The issue has come to a head now because battlefield progress this year has put the US-backed SDF nearly in position to attack IS in Raqqa, although they are still attempting to isolate the city.
Even with the extra US weaponry, the Kurds and their Syrian Arab partners are expected to face a difficult and perhaps lengthy fight for control of Raqqa, which has been key to the extremists' state-building project.
Raqqa is far smaller than Mosul, which is still not fully returned to Iraqi control after months of combat.
Senior US officials including General Joseph Dunford, chairman of the Joint Chiefs of Staff, have met repeatedly with Turkish officials to try to work out an arrangement for the Raqqa assault that would be acceptable to Ankara.
The Turks have insisted that the Syrian Kurds be excluded from that operation, but US officials insisted there was no real alternative.
In her statement, Ms White said the US prioritises its support for the Arab elements of the SDF.
"We are keenly aware of the security concerns of our coalition partner Turkey," she said.
"We want to reassure the people and government of Turkey that the US is committed to preventing additional security risks and protecting our NATO ally."
Other officials said Mr Trump's authorisation includes safeguards intended to reassure the Turks that the additional US weaponry and equipment will not be used by the Kurds in Turkey.
The intent is to restrict the distribution and use of the weaponry by permitting its use for specific battlefield missions and then requiring the Kurds to return it to US control.
Turkish President Recep Tayyip Erdogan is to visit Mr Trump in Washington next week.

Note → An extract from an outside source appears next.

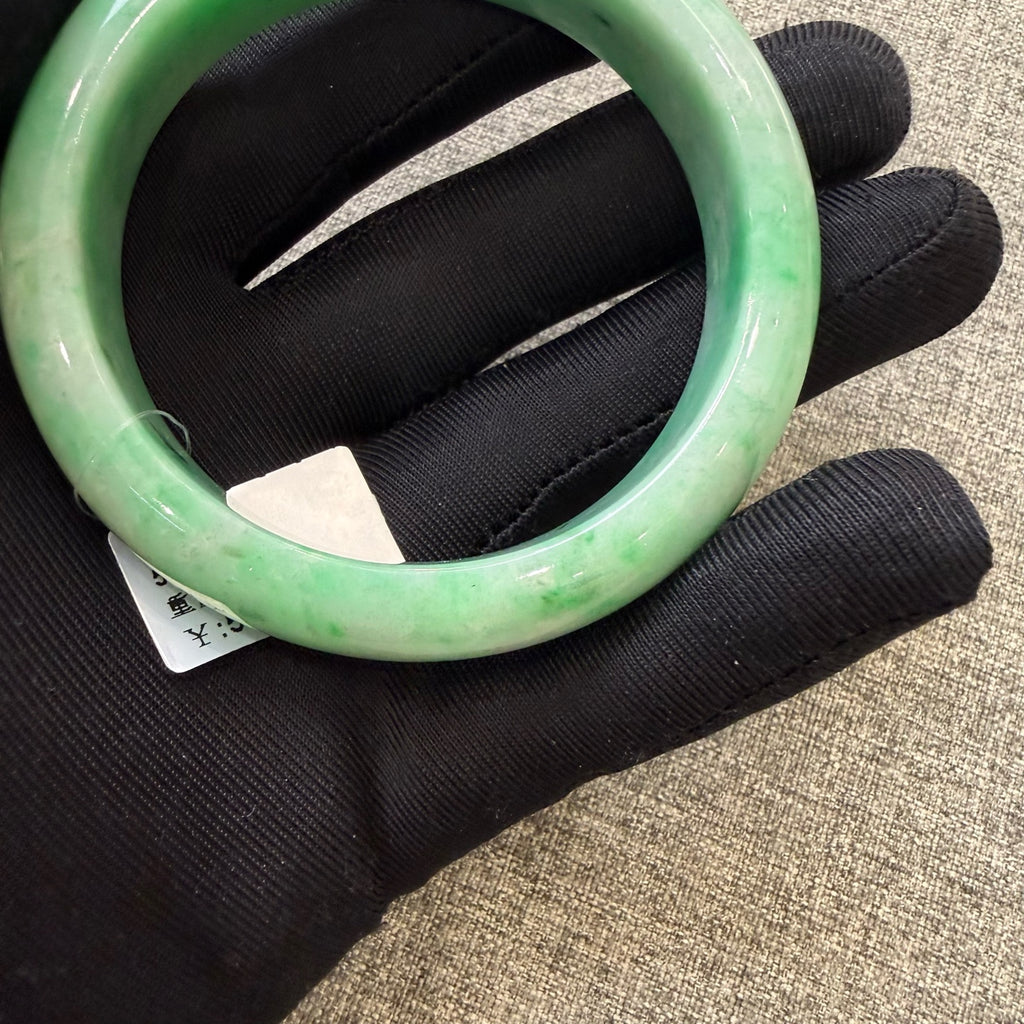 翡翠 Bangle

An Erdogan adviser, Ibrahim Kalin, met on Tuesday with Thomas Shannon, the State Department number two official.
And in Denmark earlier on Tuesday, Mr Mattis said he had useful discussions with Turkey and described the two countries as working out differences over a US alliance with Syrian Kurds in fighting IS militants.

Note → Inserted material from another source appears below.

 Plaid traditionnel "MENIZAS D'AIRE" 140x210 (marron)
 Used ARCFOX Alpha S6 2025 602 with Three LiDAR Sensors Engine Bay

"That's not to say we all walk into the room with exactly the same appreciation of the problem or the path forward," Mr Mattis told reporters after meeting with officials from more than a dozen nations also fighting IS.

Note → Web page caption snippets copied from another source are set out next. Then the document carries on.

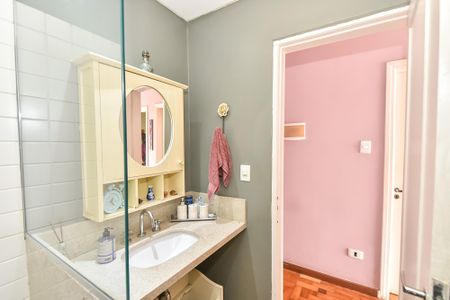 Casa à venda com 259m², 3 quartos e 2 vagas Casa à venda com 259m², 3 quartos e 2 vagasBanheiro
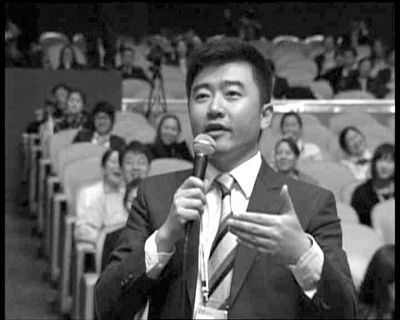 央视主播芮成钢提问奥巴马 代表亚洲引热议-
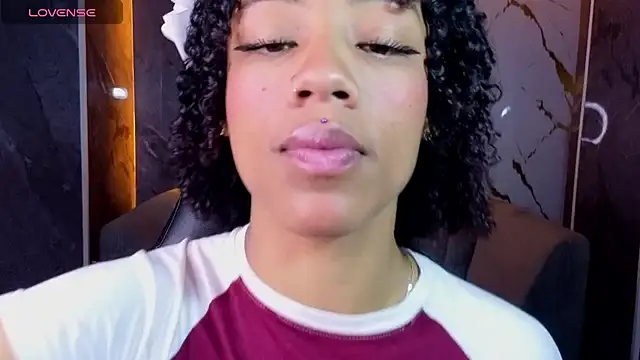 Violeth_b webcam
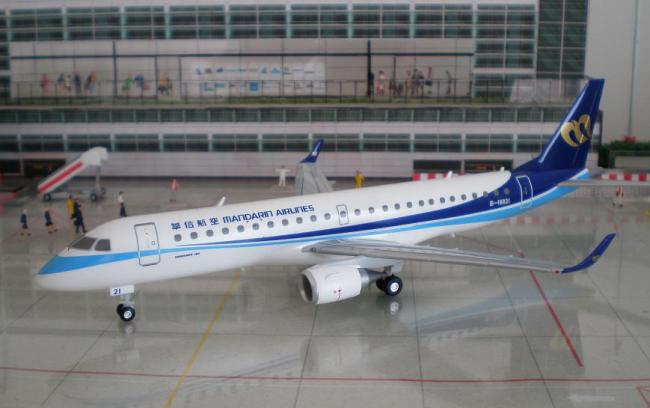 Mandarin airline EM-190.JPG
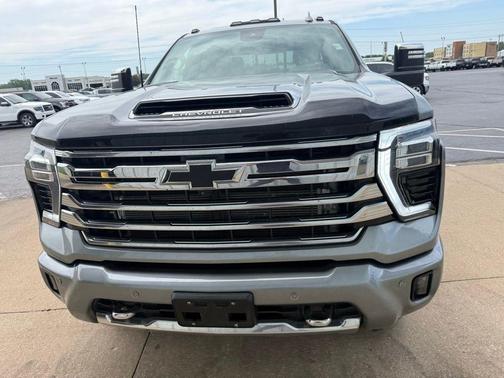 Sterling Gray Metallic 2024 Chevrolet Silverado 3500 High Country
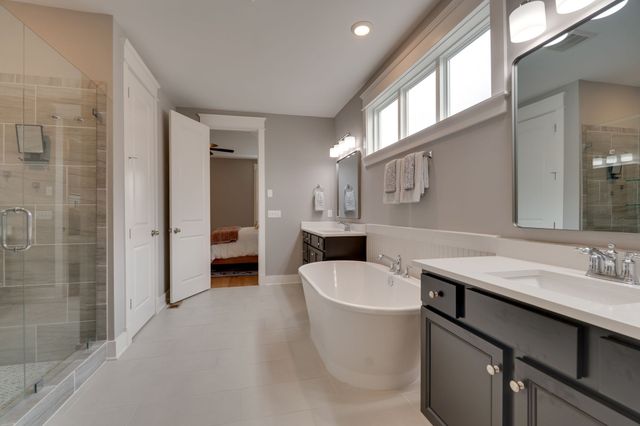 5036 High Park Hill Dr, Arrington, TN 37014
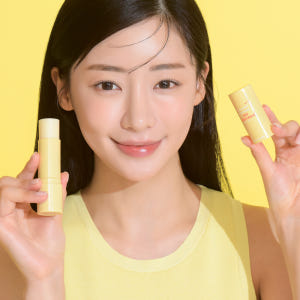 촉촉한 콜라겐 모이스처 썬멀티밤 선블럭 주름개선 수분 UV 선스틱 솔직 후기 | 피부 타입별 분석 - 상품 이미지 2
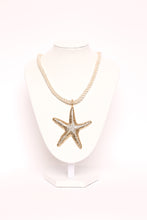 Load image into Gallery viewer, Star Necklace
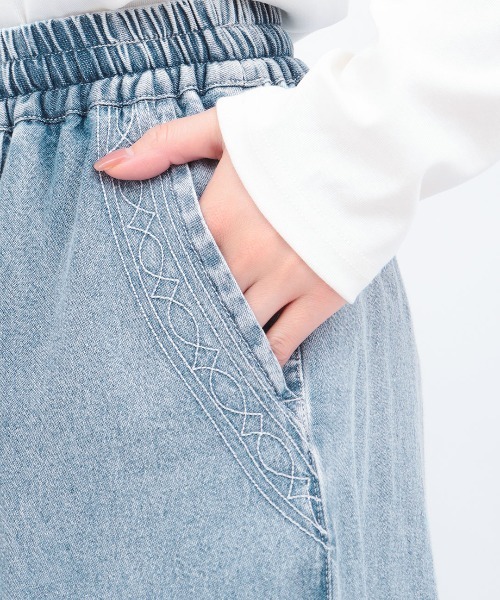 チチカカ(チチカカ)の「ライトオンスデザインステッチパンツ(その他パンツ・レディース・ライトブルー/ブラック・FREE)」の16枚目の写真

Basat Ozturk, a senior Turkish defence official, participated.
"We're going to sort it out," Mr Mattis said. "We'll figure out how we're going to do it."
Tensions escalated last month when Turkey conducted air strikes on Kurdish bases in Syria and Iraq.
The Turkish military said it killed at least 90 militants and wounded scores.
The Kurdish group in Syria said 20 of its fighters and media activists were killed in the strike, which was followed by cross-border clashes.
The instability has concerned Washington, which fears it will slow the effort to retake Raqqa.
"We've been conducting military and diplomatic dialogue with the Turks and it was a very, very useful discussion today," Mr Mattis said at a press conference with Danish defence minister Claus Hjort Frederiksen.